Munculnya sejumlah penantang baru seperti Nigeria dan Korea Selatan, pada dasarnya juga menunjuk kepada kebutuhan inovasi strategi dari pihak para pelatih. Untuk mencapai keterampilan individual seperti para pemain Brasil tentulah sangat sulit kalau tidak boleh dikatakan mustahil dicapai dalam satu dasawarsa ini. Karenanya, seperti ditunjukkan oleh Rumania dan Bulgaria, terobosan harus dilakukan dengan mencari nilai lebih (added value) pada sisi perbaikan strategi dan pengembangan kreativitas pemain.

“…….terobosan harus dilakukan dengan mencari nilai lebih (added value) pada sisi perbaikan strategi dan pengembangan kreativitas pemain.”

Memang, yang ideal adalah optimasi keterampilan individual dan peningkatan kekompakan tim harus dicapai seiring dengan inovasi strategi yang matang dan tersalurnya kreativitas para pemain secara penuh. Tetapi jarang sekali kondisi ideal seperti itu dapat dicapai. Dan belum tentu tim seperti itu akan memenangkan kompetisi akbar seperti piala dunia. Hal itu terbukti dari pemunculan tim total football Belanda yang masuk final piala dunia dua dasawarsa yang lalu. Namun, paling tidak orang masih mengenang kehebatan tim tersebut sebagai “juara tak bermahkota” (uncrowned champions) yang sejajar dengan kehebatan tim Brasil yang merebut piala dunia di bawah pimpinan “Mutiara Hitam Pele.

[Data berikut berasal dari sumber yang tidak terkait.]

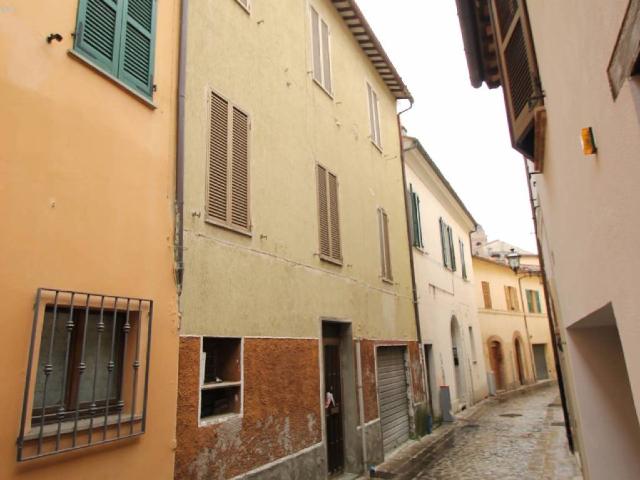 Detached house in Via La Gioia 17, Fabriano - Photo 1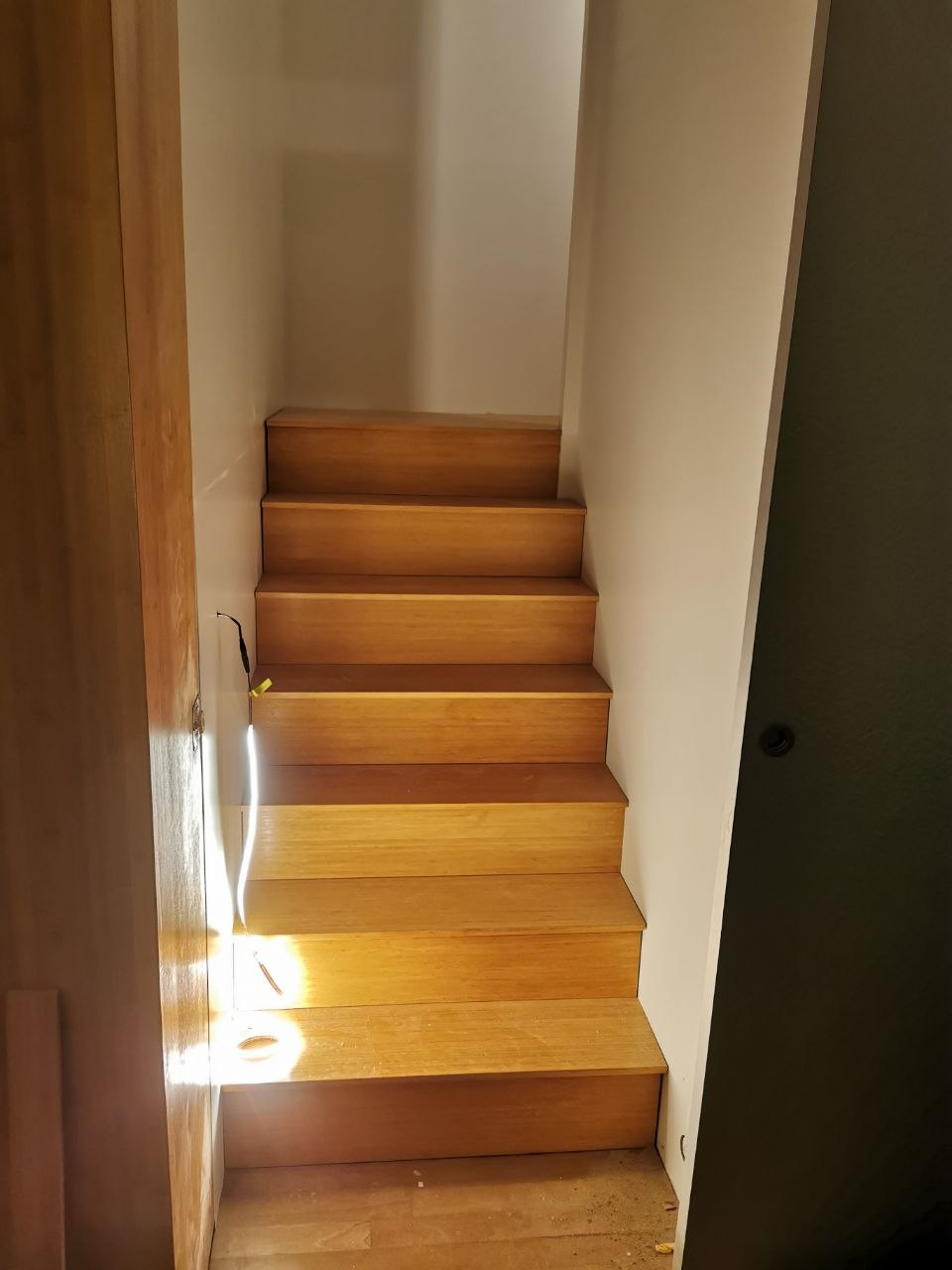 Nieuwe houten trap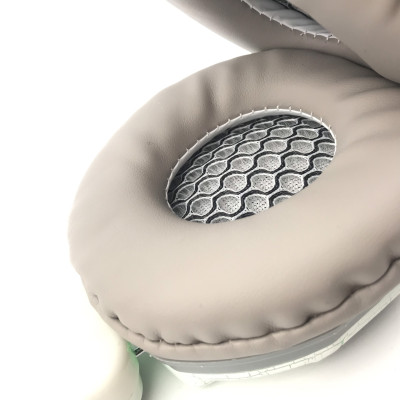 Tai Nghe Chụp Tai Chuyên Game GUTEK A7 jack 3.5 Có Mic Đàm Thoại, Hiệu Ứng Đèn Led Đổi Màu, Dùng Cho Cả Điện Thoại Và Máy Tính, Âm Thanh Trung Thực - Hàng Chính Hãng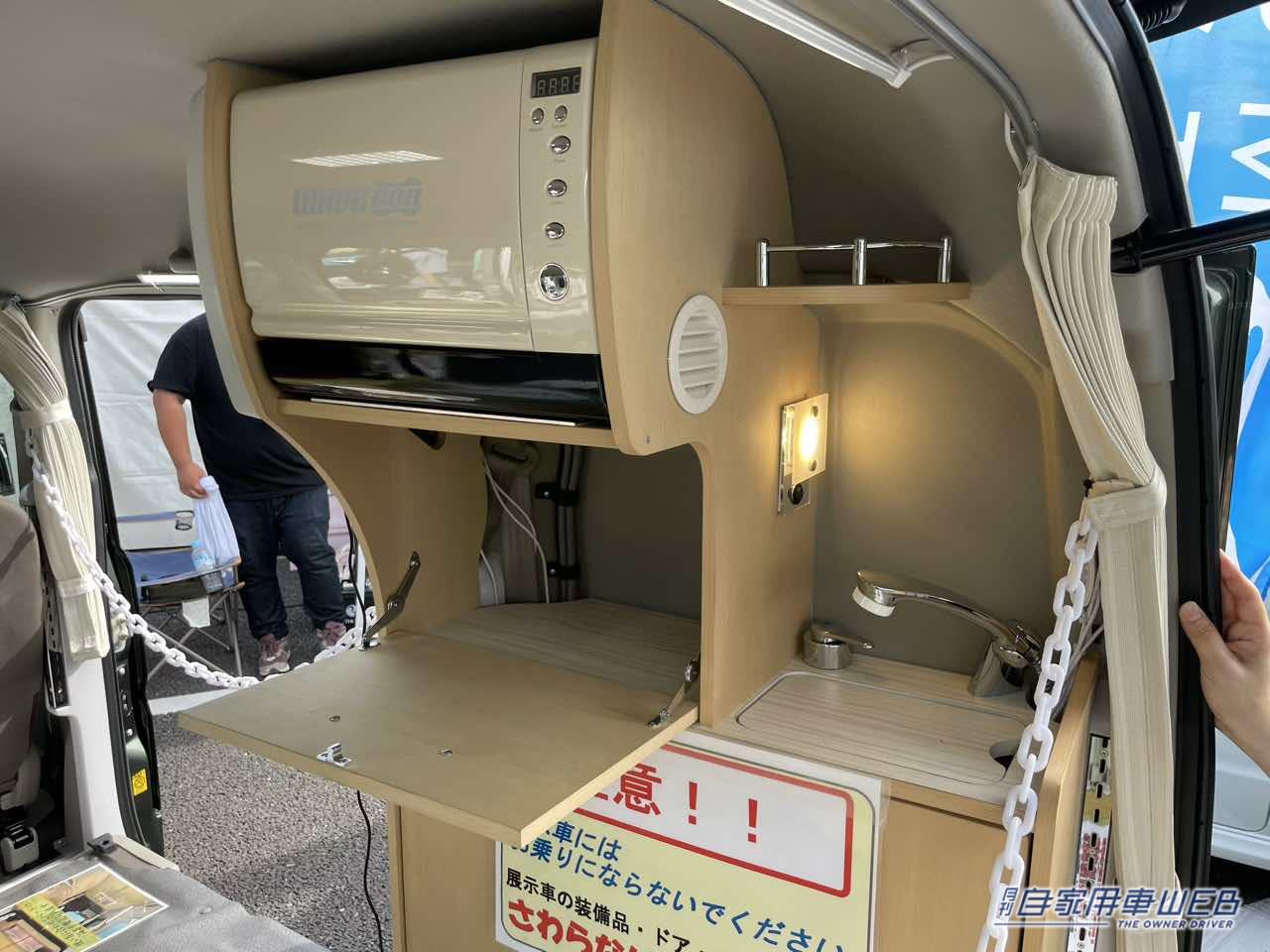 |「こんなのアリ?」「軽自動車が和室に」車内に畳が敷かれた…スズキ・エブリイがベースの軽キャンパー。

Jelaslah dari apa yang diuraikan di atas, bahwa penentu kehebatan sebuah tim tetap adalah kualitas pelatihnya. Ia tidak hanya harus menetapkan para pemain tim dari sekian banyak calon berbakat. Ia juga tidak hanya bertugas mematangkan ketrampilan individual para pemain dan mengatur kerjasama mereka secara optimal. Ia juga tidak hanya harus mengembangkan strategi yang tepat untuk memenangkan kompetisi di atas itu semua, seorang pelatih haruslah mampu mengembangkan inovasi strategi dan mengeluarkan kreativitas pemain seoptimal mungkin. Dengan cara ini, ia tidak hanya berjuang memenangkan kompetisi bagi timnya, tetapi juga mengembangkan permainan terlebih jauh, dan mencegah kemacetan pertandingan yang membuat penonton bosan dan lari dari sepak bola.

Di ujung rangkaian ulasan Piala Dunia 1994 ini, penulis mengakui beberapa kesalahan data yang terdapat di dalamnya, dan mengucapkan terima kasih atas koreksi yang diberikan sementara pembaca. Sampai bertemu lagi, mungkin dalam ulasan atas jalannya kompetisi Piala Eropa 1996.